Hennessy Ireland and IMMA have announced the four artists whose works have been selected to be purchased by The Hennessy Art Fund for IMMA Collection 2017. Ciarán Murphy, Maireád McClean, Mark Garry and Yuri Pattison see their works added to the IMMA National Collection of Contemporary and Modern Art and join the company of esteemed artists such as Louis le Brocquy, Patrick Scott and Katie Holten.
In 2016 Hennessy Ireland formed a unique partnership with IMMA to help fund the purchase of important works by Irish and Irish based artists for the National Collection. Works are sought that show excellence and innovation within contemporary art developments, and which represent a signal moment of achievement with the artist’s practice and capture a moment in time of Irish culture. They must also have been made within the previous five years.
Artists are nominated by a selection panel, including IMMA Director, Sarah Glennie and Head of Collections, Christina Kennedy and independent guest curator, Roscommon based visual artist Linda Shevlin.
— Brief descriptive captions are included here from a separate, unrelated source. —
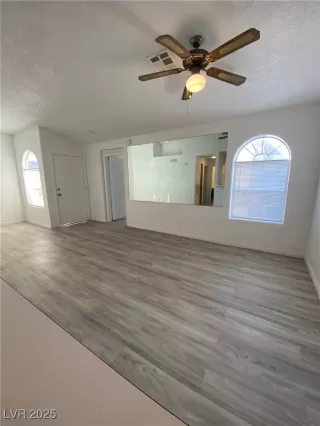 Photo #6: 2720697 Listing 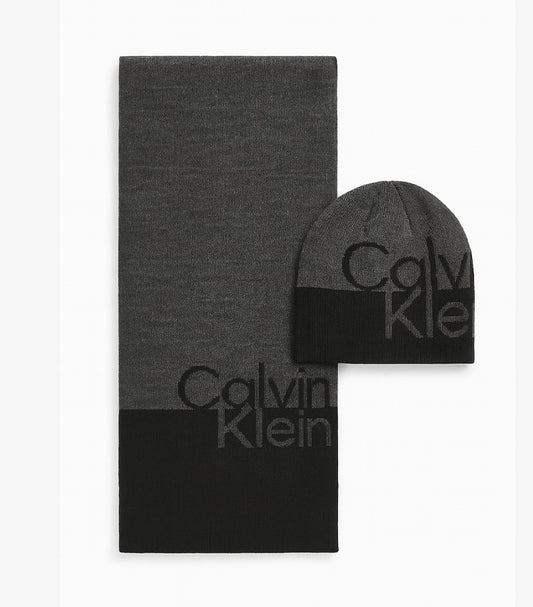 CALVIN KLEIN WOMEN'S CAP & MUFLER SET
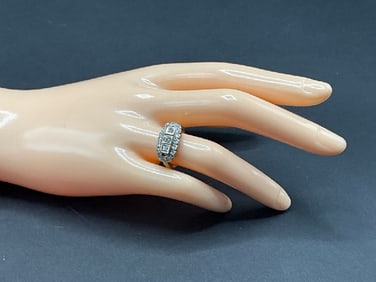 Size 7 14K Lady’s Diamond Ring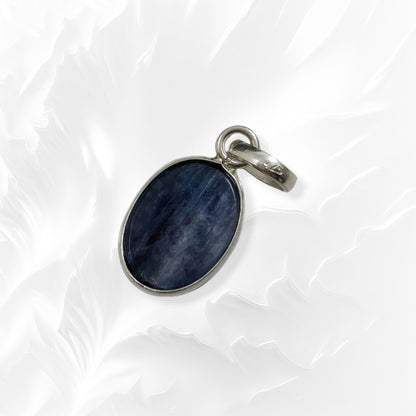 925 Sterling Silver Women Pendant With Authentic Kyanite Gemstone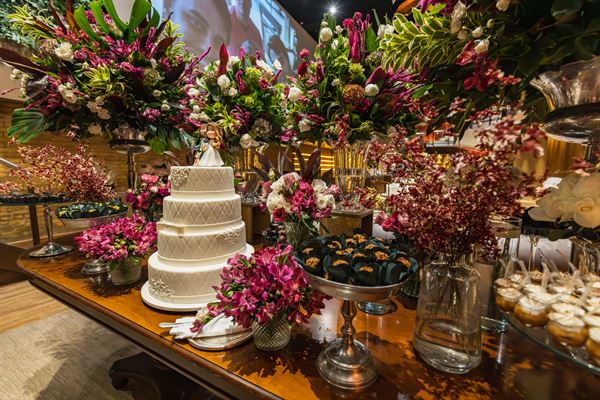 Kaitlyn Extravaganza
Linda has curated, facilitated and managed both large and small-scale visual arts projects including the 53rd Venice Biennale where she was project manager for the representative artists Gareth Kennedy & Sarah Browne and Radical Actions at RMIT Galleries, Melbourne as part of Culture Ireland’s 2016 international programme I Am Ireland. Final recommendations are approved by the IMMA Collection & Acquisitions Committee, in line with IMMA’s Collection policy. The inaugural Hennessy Art Fund for IMMA Collection saw works by artists Kevin Atherton, David Beattie, Rhona Byrne and Dennis McNulty selected.
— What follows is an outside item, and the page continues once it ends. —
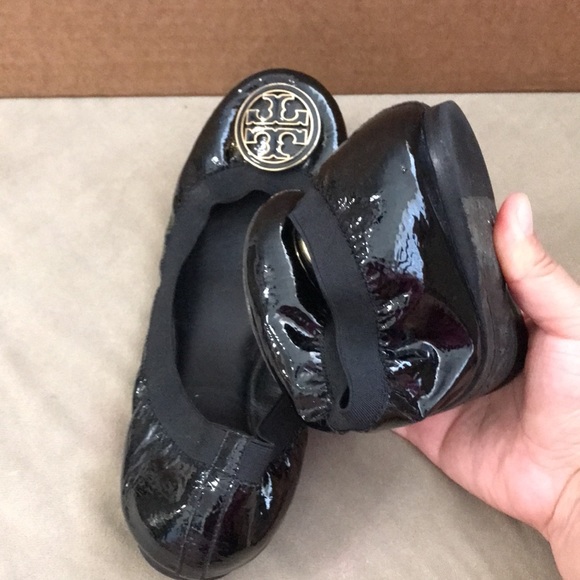 TORY BURCH BLACK FLATS SIZE 7 US - Picture 7 of 7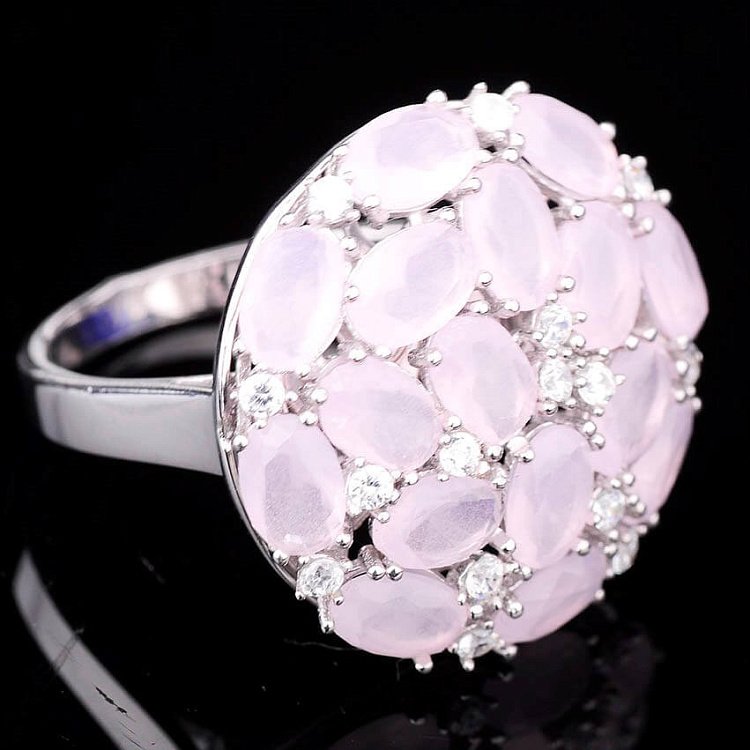 Срібний перстень з фіанітами 111583 від ювелірного магазину Онікс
Since the first solo presentation of Ciarán Murphy’s paintings in Dublin in 2005 his work has achieved considerable national and international critical success, with solo exhibitions in Kavi Gupta Gallery Chicago, Grimm Gallery Amsterdam and Douglas Hyde Gallery Dublin; the work of Mairéad McClean, who grew up in Tyrone and has been based in London for the past 25 years, disrupts and restructures events from the past highlighting the unreliability of history; Mark Garry’s practice stems from and is informed by a number of diverse fields of research, which inform his interest in observing and engaging with the many mechanisms that influence and effect how one navigates the world and the complexity and subjectivity inherent in these navigations; while Dubliner Yuri Pattison is described as a tireless, natural thinker at the forefront of a group of emerging artists whose practices, in an inherently 21st century manner, are informed by a seamless merger of hard and soft realities.